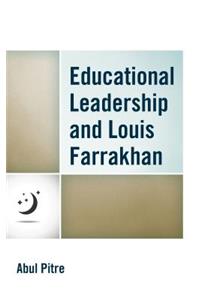 Educational Leadership and Louis Farrakhan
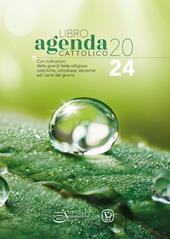 Libro agenda cattolico 2024. Con indicazioni delle grandi feste religiose cattoliche, ortodosse, ebraiche e i santi del giorno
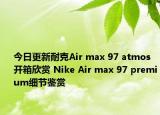 今日更新耐克Air max 97 atmos开箱欣赏 Nike Air max 97 premium细节鉴赏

──────────────────────────────

• **YOUR OBJECTIVE**
With the pictures set aside, return each line of the listing exactly as given.

• **WRITTEN SOLUTION**
 Educational Leadership and Louis Farrakhan
 Libro agenda cattolico 2024. Con indicazioni delle grandi feste religiose cattoliche, ortodosse, ebraiche e i santi del giorno
 今日更新耐克Air max 97 atmos开箱欣赏 Nike Air max 97 premium细节鉴赏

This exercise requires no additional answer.